但他也懂不能操之过急,悬在空中的小红靴翘了两翘,又说:

“我要出去买东西。”

克拉克:“家里缺什么吗?”

萨沙:“我想在你家里养花。”

他说的是“你家”。

克拉克眨了一下眼睛。

他想起来,萨沙从入住到现在,似乎没有留下过一点自己的痕迹——好像也就多了根牙刷。

通常来说,一个人在某个地方停留的时间越久,这个地方,就会逐渐被这个人的行为习惯改变。

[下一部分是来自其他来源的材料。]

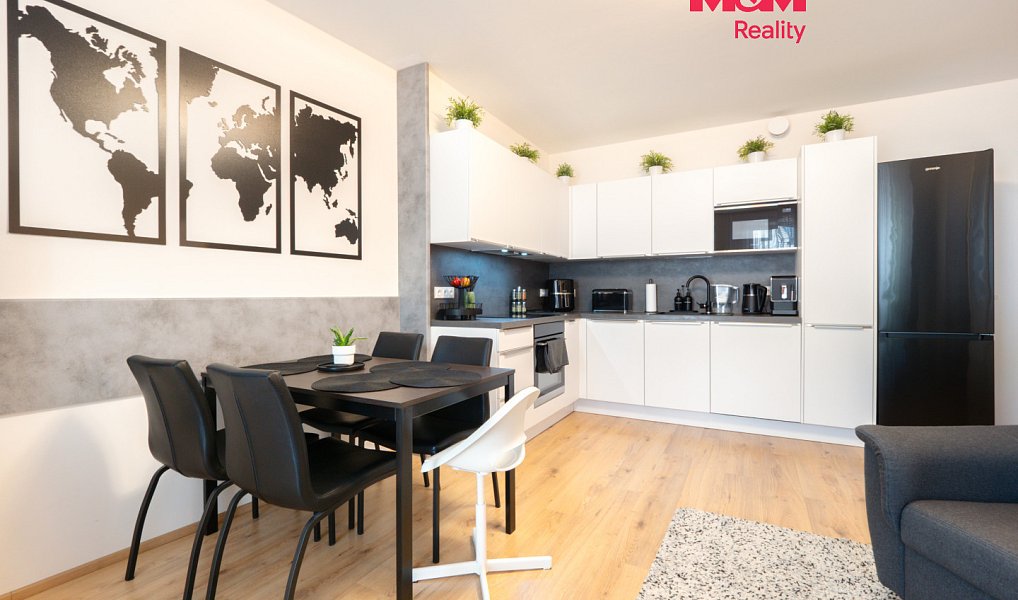 Prodej bytu 3+kk, 76 m², Praha-východ, Odolena Voda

克拉克在当战地记者的时候,常在别人家里蹭一个月房间。

不出一个星期,他的房间就会变成鸟窝,被各种照片和胶卷淹没。

可是萨沙没有这种下意识的行为。

他住在这里,小公寓就长这样;

他出去了,小公寓还长这样。

他仅有的那些东西:一块光屏,一本童话书,几件漂亮的红兜帽,还都是自己给他的。

像习惯了不断转移阵地。

时间一到,拎包走人,留什么都是多余。

克拉克想了想:“我跟你一块去。”

萨沙带着人间之神,走进华盛顿的花店时。

……柜台后的老板都要吓得厥过去了。